In his Sunday column, Philadelphia Inquirer columnist and nationally syndicated radio host Michael Smerconish reviews the Republican dominance of 30+ years of Keystone State attorney general elections and wonders if former Democratic Rep. Patrick Murphy can crack the code.
“While plenty of Democrats have been elected statewide since 1980, the year Pennsylvania began electing its attorney general, none has won the top law enforcement position,” Smerconish writes.
“Adding to the mystery of this GOP dominance is the state’s Democratic voter registration and the fact that elections for attorney general have taken place in presidential years in which several Democrats at the top of the ticket have carried the state.”

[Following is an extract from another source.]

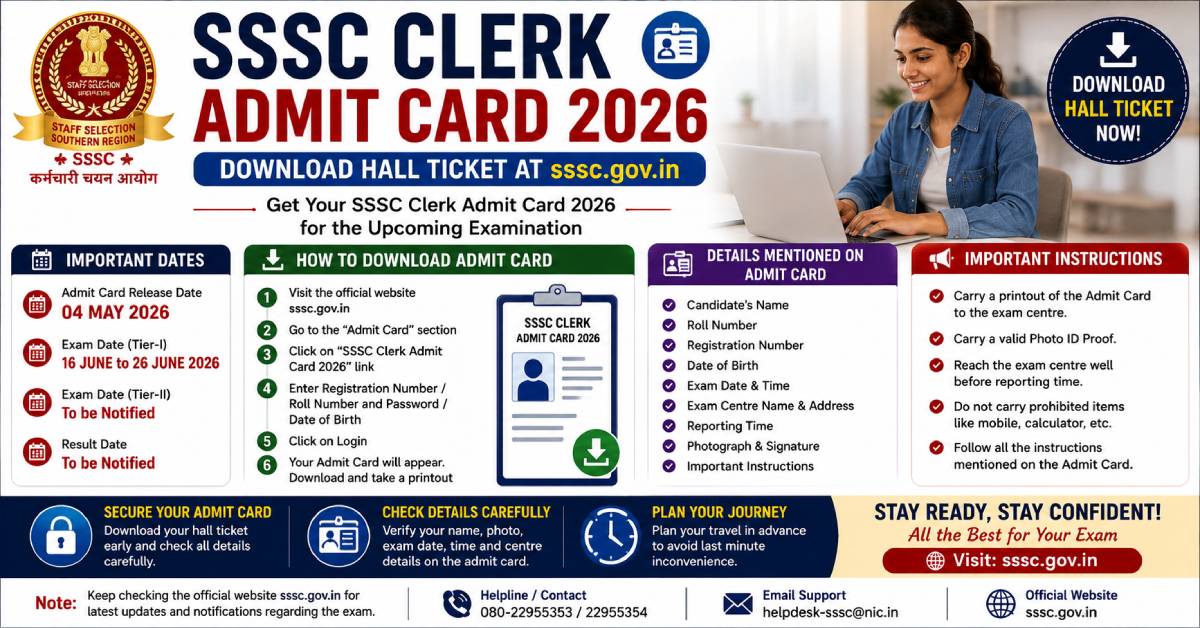 SSSC Clerk Admit Card 2026 Download Hall Ticket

So what explains the trend?
Pollster Terry Madonna points to the GOP’s practice of running “super D.A.s, who had strong prosecutorial records to run on.”
Two-time Democratic AG candidate Jim Eisenhower notes the Republicans’ historic fundraising edge and the power of GOP incumbency. “Because we have never held the office, many Democratic givers don’t understand the office and simply don’t care who the attorney general is,” he said.
Most interestingly, Smerconish tracks down LeRoy Zimmerman, the former Dauphin County District Attorney whose three-point victory in 1980 set the GOP-red tone that has lasted nearly 32 years.
“Voters have shown their strong and enduring preference for the Republican focus on enforcement,” Zimmerman tells Smerconish. “I believe that is why I was elected. And I believe that is one important reason why all my successors have been from my Republican side of the aisle.”